Quotes: Colin McRae said: "Monte Carlo's the sort of rally where it's hard to predict any sort of performance or a result. The car's felt encouraging in testing, but that doesn't mean anything until we see the times from the first few stages and even then, so much depends on the conditions here that it's difficult to draw conclusions. I'm just hoping for reliability and a good finish."
Carlos Sainz said: "I'm looking forward to the new season. Testing has been quite good and we have quite a few changes with the car - but we need to wait and see in some consistent conditions before we can see how we are against the rest."
Markko Martin said: "I've had some testing for this event and the car feels quite positive, but even if I'd had ten days' running I'd still have the same aim - I just want to reach the finish here."
Technical: Marlboro Mitsubishi Ralliart engineers have concentrated on improving the set-up of the Lancer Evolution WRC this year, since its debut towards the end of the 2001 season allowed little time for development. Revised suspension geometry and a lower ride height have improved handling, and the team has also trimmed 50kg from the car's weight. That now allows Ralliart to play with ballast to improve the handling further.
Sporting: Mitsubishi has a totally new driver line-up for 2002. Francois Delecour moves from Ford (Mitsubishi is his third team in three years), while Alister McRae has switched from a Hyundai Accent to the Lancer. McRae has changed his back-up crew, too - father Jimmy will now prepare gravel notes for his younger rallying son instead of Ford driver Colin.

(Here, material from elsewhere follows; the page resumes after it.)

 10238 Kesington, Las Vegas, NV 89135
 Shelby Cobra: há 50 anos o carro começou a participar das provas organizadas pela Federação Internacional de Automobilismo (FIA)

Quotes: Francois Delecour said: "It's difficult to predict anything about the Monte Carlo Rally, because it's just such a hard event. But during the test in the winter I had a good feeling for the car. I'm not going to say that I am going to win - but I think we have a chance to fight for the victory."
Alister McRae said: "My first impressions of the car are very good. The set-ups we've found in both the snow and the asphalt feel strong. This is still really a learning year for me - when you look at rallies like here, where I've only competed once before, and the Safari, where I've never competed at all, then I need more experience."
Technical: Subaru's Imprezas will run in essentially the same mechanical specification as 2001. The team has concentrated instead on modifying software set-up in the differentials, as well as suspension and damper settings, to 'catch up' with engine and tyre progress over the past few years.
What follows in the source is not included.